Let’s try to create a Customer object and associate Order objects to it:

Customer customer = new Customer();
customer.setName("Name");
customer.setEmail("Email");

List orders=new ArrayList();
for(int i=0;i!=10;i++){
	Order order=new Order();
	order.setCustomer(customer);
	orders.add(order);
}
customer.setOrders(orders);
customerRepository.save(customer);

And let’s see the SQL result:

Hibernate: call next value for hibernate_sequence
Hibernate: call next value for hibernate_sequence
Hibernate: call next value for hibernate_sequence
Hibernate: call next value for hibernate_sequence
Hibernate: call next value for hibernate_sequence
Hibernate: call next value for hibernate_sequence
Hibernate: call next value for hibernate_sequence
Hibernate: call next value for hibernate_sequence
Hibernate: call next value for hibernate_sequence
Hibernate: call next value for hibernate_sequence
Hibernate: call next value for hibernate_sequence
Hibernate: insert into customers (email, name, id) values (?, ?, ?)
Hibernate: insert into orders (customer_id, id) values (?, ?)
Hibernate: insert into orders (customer_id, id) values (?, ?)
Hibernate: insert into orders (customer_id, id) values (?, ?)
Hibernate: insert into orders (customer_id, id) values (?, ?)
Hibernate: insert into orders (customer_id, id) values (?, ?)
Hibernate: insert into orders (customer_id, id) values (?, ?)
Hibernate: insert into orders (customer_id, id) values (?, ?)
Hibernate: insert into orders (customer_id, id) values (?, ?)
Hibernate: insert into orders (customer_id, id) values (?, ?)
Hibernate: insert into orders (customer_id, id) values (?, ?)

We see that JPA has been obtaining the ids of the objects to be inserted, inserts the Customer object and then inserts the Order objects in a sequence of inserts.
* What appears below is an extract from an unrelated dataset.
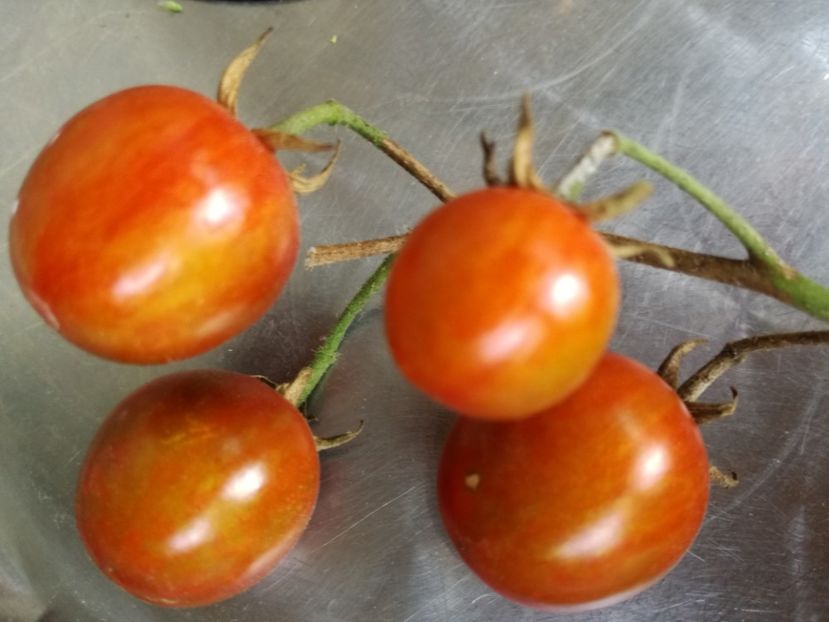  - Tomate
But… can it be done better? Well yes, it is possible by means of an old friend of the DBA that is the insert in batch, that with a single sentence you can insert multiple rows in the database, but that functionality is not available in JPA by default, it is necessary to indicate it explicitly to the implementation in this case, of hibernate, for example, with Spring we would indicate it in the application.properties.
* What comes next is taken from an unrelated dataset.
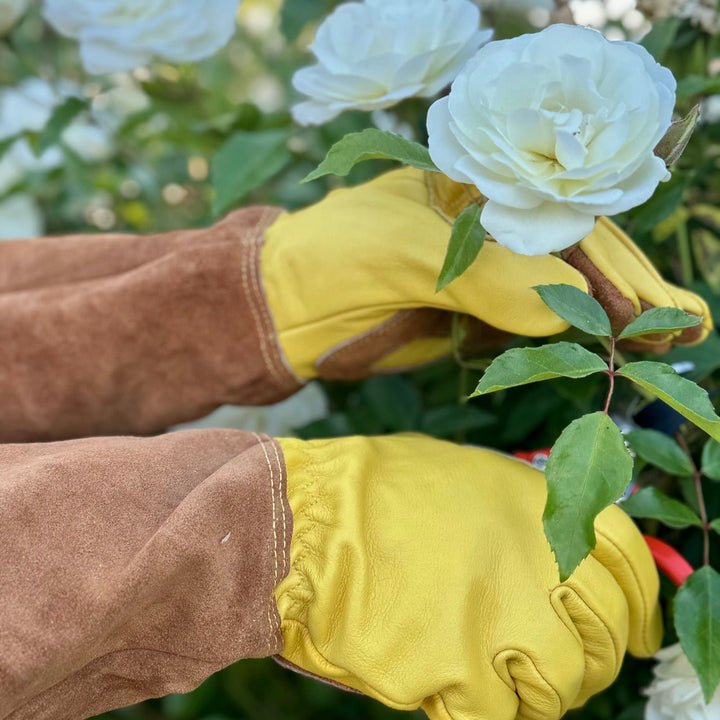 Rose Pruning Gloves – Long Soft Cowhide Garden Gloves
spring.jpa.properties.hibernate.jdbc.batch_size=5
spring.jpa.properties.hibernate.order_inserts=true
spring.jpa.properties.hibernate.order_updates=true
spring.jpa.properties.hibernate.jdbc.batch_versioned_data=true

in the batch_size property we would indicate in blocks of how many entities would have to make the inserts, in this case, of blocks 5 in 5. With what we would remove unexpected surprises of slowness in multiple inserts.

Construction of SQL in code, hives.

Assume the following code:

StringBuilder sb=new StringBuilder("")
      .append("")
      .append("")
      .append("");
for(int i=0;i!=10;i++){
   sb.append("Hello paragraph "+i+"
");
}
sb.append("")
      .append("");

Has anyone noticed a vibration in the force, an outbreak of spidery sense or burning? If so, it is because we have two languages “Java” and “HTML” intimately mixed in the same code, so that changing something of the HTML implies modifying the Java source and what is worse, we are assuming that the Java developer knows HTML, which is at least an assumption ( The example is simple, but I know you understand me ).
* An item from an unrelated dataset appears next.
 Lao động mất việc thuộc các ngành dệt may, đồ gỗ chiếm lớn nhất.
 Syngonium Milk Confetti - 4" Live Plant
Now let’s see an example of JPQL inside code:

List foundCustomer=em.createQuery(
"SELECT c from Customer c Where c.name like :name", Customer.class)
      .setParameter("name","Name")
      .getResultList();

Or to simplify:

@Query("SELECT c from Customer c where c.name=:name")
    List findCustomersByName(@Param("name") String name);

Why does this code produce less alarms, isn’t it the same case? We are mixing two languages, JPQL (or SQL if it were a native query) with Java and with exactly the same consequences, a Java programmer does not have to make excellent queries, and of course, embedding SQL code inside Java does not make it very comfortable for a DBA to parse them.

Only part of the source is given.